Accordingly, the CDC's interim recommendations for specimen collection for MERS are more rigorous, calling for `Collection of all three specimen types (not just one or two of the three), lower respiratory, upper respiratory and serum specimens for testing using the CDC MERS rRT-PCR assay is recommended.'
In recent day there have been reports out of China that their test kits may only pick up 30% to 50% of infected cases, and last night's inclusion of nearly 15,000 clinically diagnosed cases (without a positive lab test) would seem to bolster those claims. 
Two days ago, in Japan MOH: 2 Wuhan Evacuees Test Positive For Coronavirus 10 Days After Returnwe saw a report on two cases who initially tested negative - one tested negative twice (once even after a fever and cough appeared) - who developed COVID-19 more than 10 days after returning from Wuhan.
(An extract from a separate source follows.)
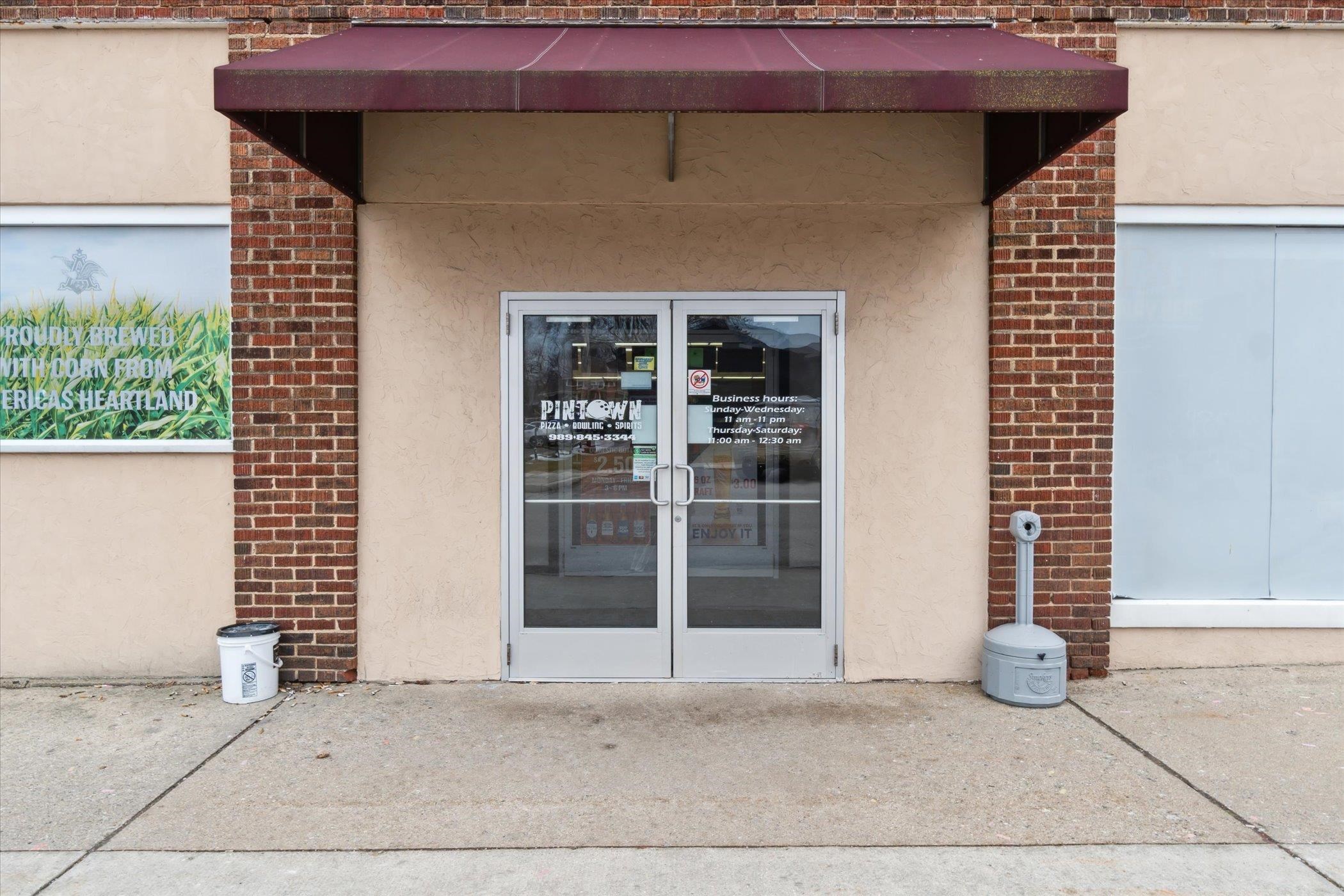 142 N Saginaw Street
To all of this we can add a study - published yesterday - in Radiology, that found multiple patients with positive chest CTs and other symptoms who continued to test negative for the novel coronavirus.

Radiology. 2020 Feb 12:200343. doi: 10.1148/radiol.2020200343. [Epub ahead of print]
Chest CT for Typical 2019-nCoV Pneumonia: Relationship to Negative RT-PCR Testing.
Xie X1, Zhong Z1, Zhao W1, Zheng C1, Wang F1, Liu J1.

Some patients with positive chest CT findings may present with negative results of real time reverse-transcription-polymerase chain- reaction (RT-PCR) for 2019 novel coronavirus (2019-nCoV)
In this report, we present chest CT findings from five patients with 2019-nCoV infection who had initial negative RT-PCR results. All five patients had typical imaging findings, including ground-glass opacity (GGO) (5 patients) and/or mixed GGO and mixed consolidation (2 patients).
After isolation for presumed 2019-nCoV pneumonia, all patients were eventually confirmed with 2019-nCoV infection by repeated swab tests. A combination of repeated swab tests and CT scanning may be helpful when for individuals with high clinical suspicion of nCoV infection but negative RT-PCR screening.
Given the challenges we've seen in the past with obtaining accurate lab tests on deep lung infections from avian flu and MERS-CoV,  the limitations and problems with our current lab tests are not surprising.
While I expect testing will improve in the days and weeks ahead, there will likely never be a 100% reliable test for this novel coronavirus 
Between sub-optimal sample collection, intermittent viral shedding by the host, sample degradation during transport, and the limitations of the test itself, some false negatives are inevitable.
While expected, this does make this novel coronavirus harder to contain. No matter how diligently countries test, some infected cases will get through the screening process. 
Which means that when we hear that Country X has only 5 cases, or that Country Z has none, we need to take that information with a sizable grain of salt.